The Premium Pricing Principle
Commodity Amla trades at ₹12–18/kg at Indian agricultural mandis (spot markets). This is the price most Indian Amla processors pay — and it reflects a commodity relationship where fruit quality beyond basic ripeness is not measured or rewarded. Certified organic Amla produced for premium international export commands ₹65–80/kg when sold through transparent chains with verified certification documentation. The Kirtikar Foundation's cooperative members received an average of ₹72/kg in FY2025 — approximately five times the commodity rate. This premium is only achievable because the finished products sell internationally at premium price points (not as commodity ingredient inputs), and because we have refused to obscure the pricing chain. Every farmer in the cooperative knows what Amla Factory earns per kilogram from international customers. That transparency is not a PR gesture — it is the mechanism that makes the premium defensible.
What You Can Read at kirtikarfoundation.org
The foundation's homepage — mission statement, cooperative membership process, and how to support Indian organic Amla farmers directly.
Visit →Quarterly reports from Agra: cooperative output data, farmer income and profit-share disclosures, certification audit summaries, and orchard photography.
Visit →How international buyers, NGOs, and individuals can support the Kirtikar Foundation's certified organic expansion programme — including sponsoring new cooperative memberships.
Visit →Frequently Asked Questions
Is Amla Factory certified organic?
All Amla sourced by Amla Factory comes from Kirtikar Foundation cooperative plots that have operated without pesticides or synthetic inputs since 2019, and are FSSAI and APEDA compliant. EU Organic certification via Control Union is in progress, with first certified harvest expected late 2026. Products are labelled accurately with their current certification status — we do not use the word 'organic' on labels until certification is formally complete.

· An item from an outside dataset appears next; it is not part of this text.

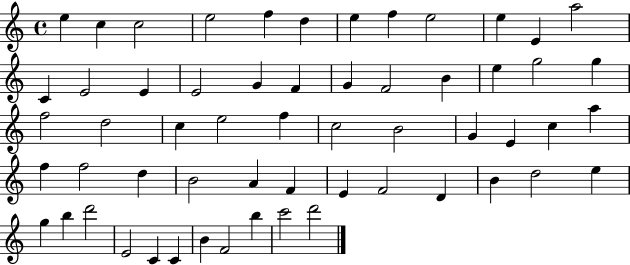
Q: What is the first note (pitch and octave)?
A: E5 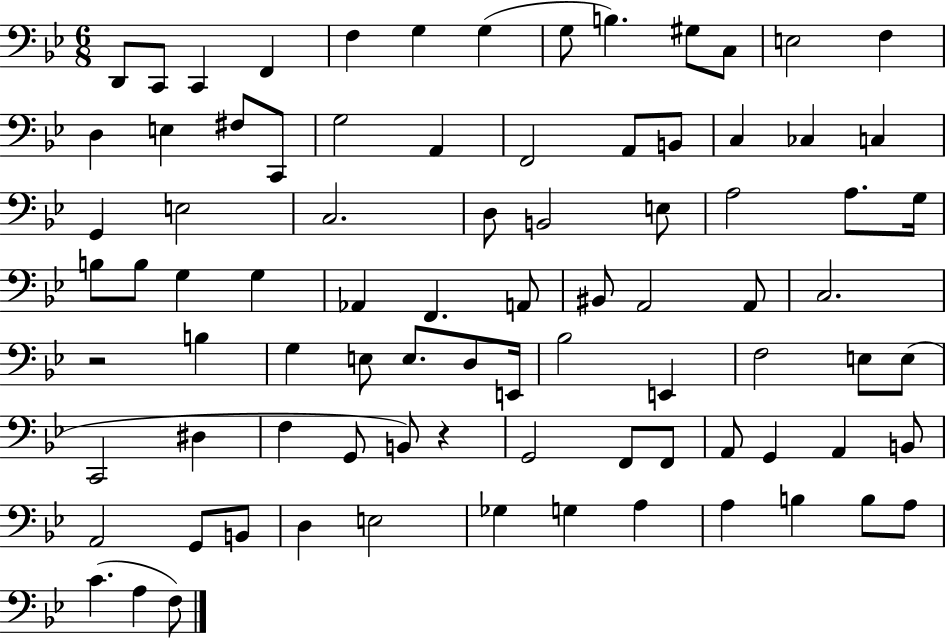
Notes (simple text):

D2/e C2/e C2/q F2/q F3/q G3/q G3/q G3/e B3/q. G#3/e C3/e E3/h F3/q D3/q E3/q F#3/e C2/e G3/h A2/q F2/h A2/e B2/e C3/q CES3/q C3/q G2/q E3/h C3/h. D3/e B2/h E3/e A3/h A3/e. G3/s B3/e B3/e G3/q G3/q Ab2/q F2/q. A2/e BIS2/e A2/h A2/e C3/h. R/h B3/q G3/q E3/e E3/e. D3/e E2/s Bb3/h E2/q F3/h E3/e E3/e C2/h D#3/q F3/q G2/e B2/e R/q G2/h F2/e F2/e A2/e G2/q A2/q B2/e A2/h G2/e B2/e D3/q E3/h Gb3/q G3/q A3/q A3/q B3/q B3/e A3/e C4/q. A3/q F3/e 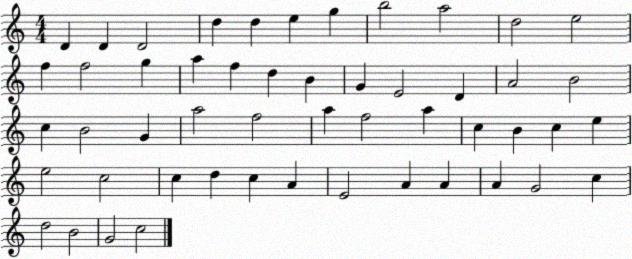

Can I visit the Kirtikar Foundation orchards in Agra?
The Kirtikar Foundation does not currently run public farm tours, as the cooperative prioritises minimal disruption to farming operations during the October–February harvest season. However, the Foundation does host small press delegations and impact investor visits by appointment. Write to the Foundation at the contact details on kirtikarfoundation.org to enquire about a visit.
How does profit-sharing work for the farmer cooperative?
Each cooperative member receives a base price per kilogram at the time of harvest delivery — this price is set before the season begins and is guaranteed regardless of export outcomes. At financial year-end, Amla Factory calculates the export premium earned above a benchmark price and distributes a defined percentage of that premium back to cooperative members in proportion to their harvest contribution by weight. The calculation methodology and final payouts are published in the annual field report.
What certifications does the Kirtikar Foundation hold?
The cooperative operates under FSSAI food safety certification and APEDA organic export programme compliance. Third-party soil and residue audits are conducted annually by an FSSAI-accredited laboratory. EU Organic certification via Control Union inspection body is in progress. FDA GRAS (Generally Recognized as Safe) status applies to Amla extract as an ingredient category.